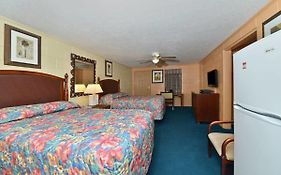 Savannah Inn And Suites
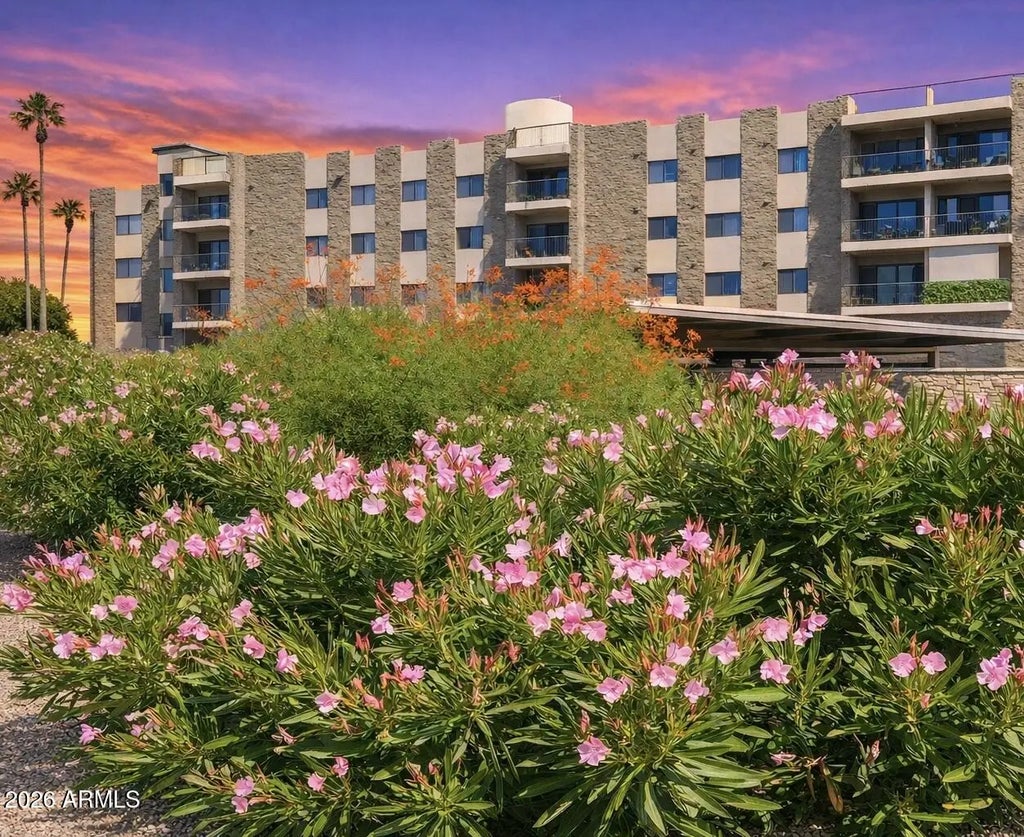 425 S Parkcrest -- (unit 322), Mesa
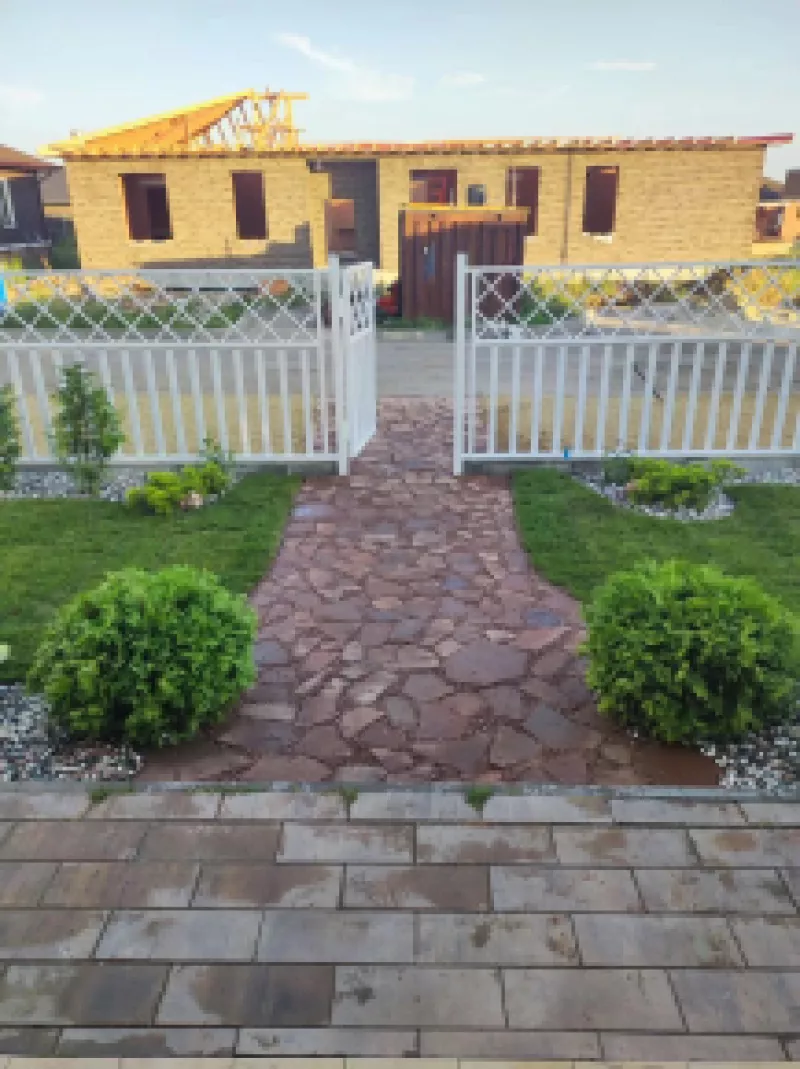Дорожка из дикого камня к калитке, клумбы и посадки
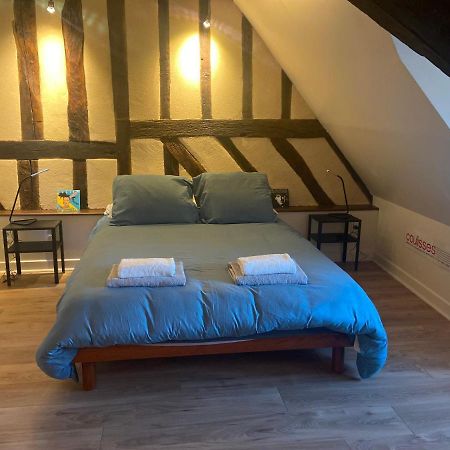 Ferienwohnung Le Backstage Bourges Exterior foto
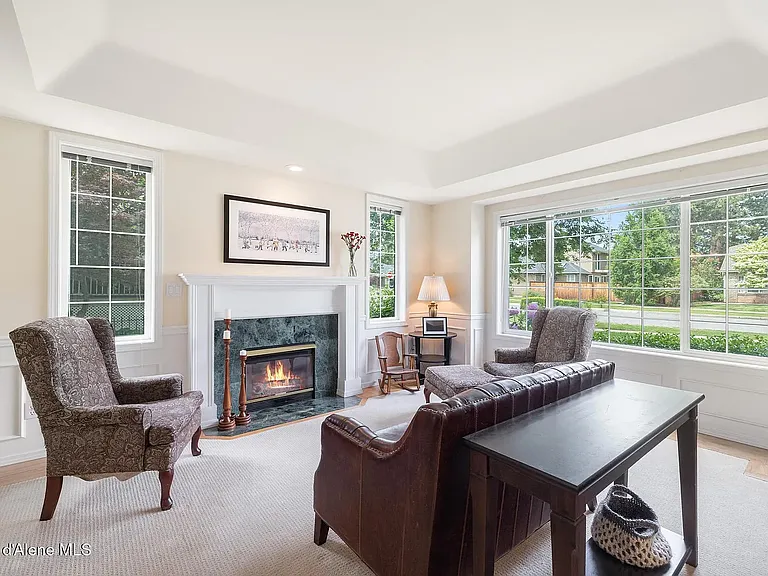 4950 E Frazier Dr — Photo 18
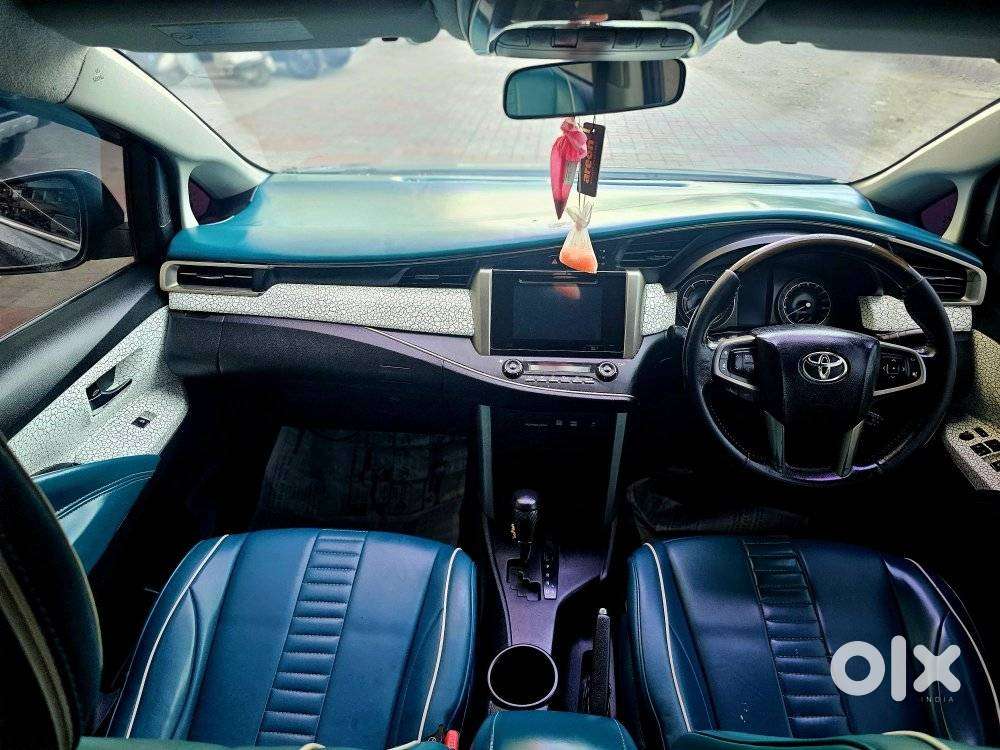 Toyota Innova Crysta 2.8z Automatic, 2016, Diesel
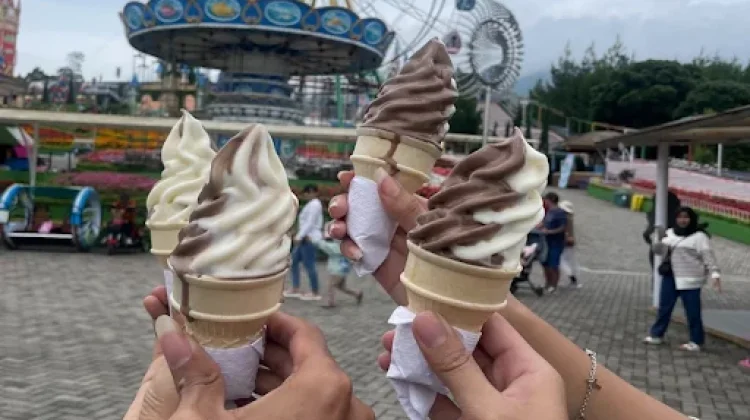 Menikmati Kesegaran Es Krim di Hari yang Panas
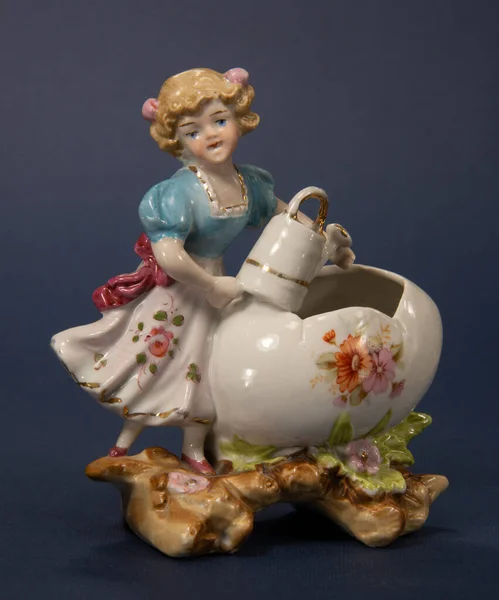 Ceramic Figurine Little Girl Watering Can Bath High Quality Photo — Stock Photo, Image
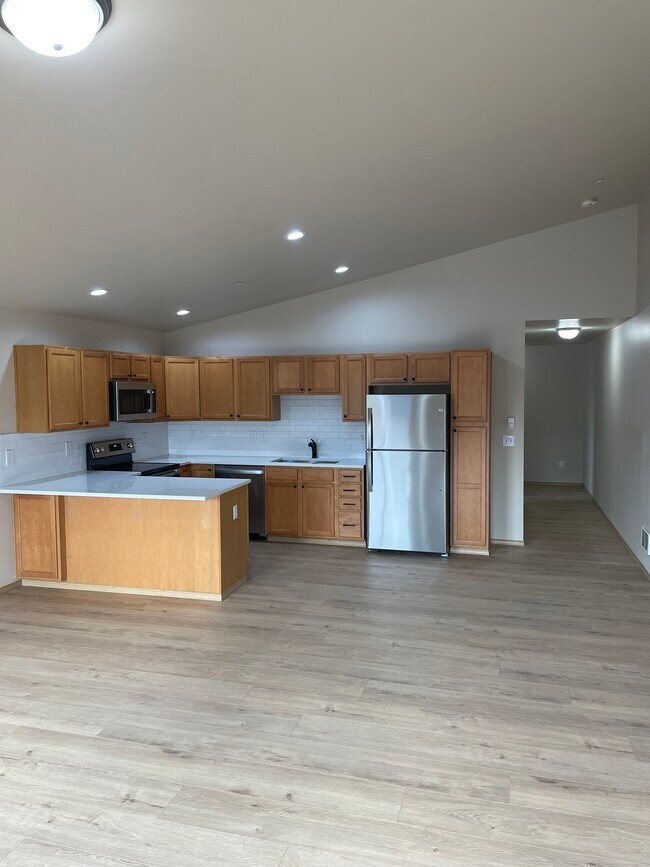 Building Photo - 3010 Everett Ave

_WORK TO BE COMPLETED_
Given the listing above, return exactly, and only, the lines from the line with "Menikmati Kesegaran Es" through its final line, both included, with the pictures removed.

_EXPECTED ANSWER_
 Menikmati Kesegaran Es Krim di Hari yang Panas
 Ceramic Figurine Little Girl Watering Can Bath High Quality Photo — Stock Photo, Image
 Building Photo - 3010 Everett Ave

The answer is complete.